=== Exercise goal ===
Reproduce, exactly and in full, only the lines below from the one containing "20923 County Road 2160, Troup, TX 75789" through the one containing "Benda Hidup".

═══ Records shown

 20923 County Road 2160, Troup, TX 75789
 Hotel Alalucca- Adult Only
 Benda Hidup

══════
═══ Records shown

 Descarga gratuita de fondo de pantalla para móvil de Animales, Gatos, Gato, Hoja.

══════
═══ Records shown

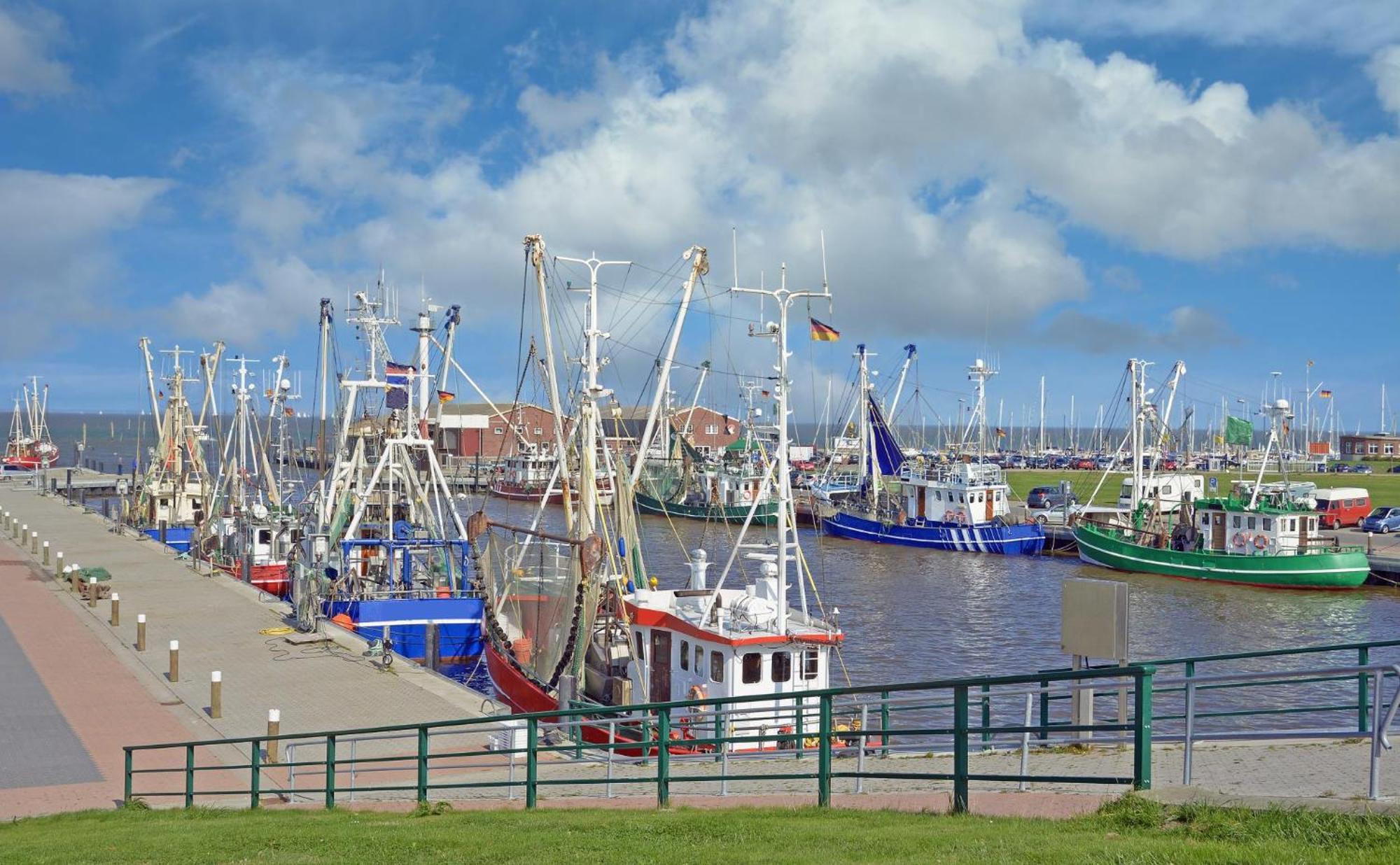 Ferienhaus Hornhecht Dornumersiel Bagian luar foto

══════

=== Exercise answer ===
 20923 County Road 2160, Troup, TX 75789
 Hotel Alalucca- Adult Only
 Benda Hidup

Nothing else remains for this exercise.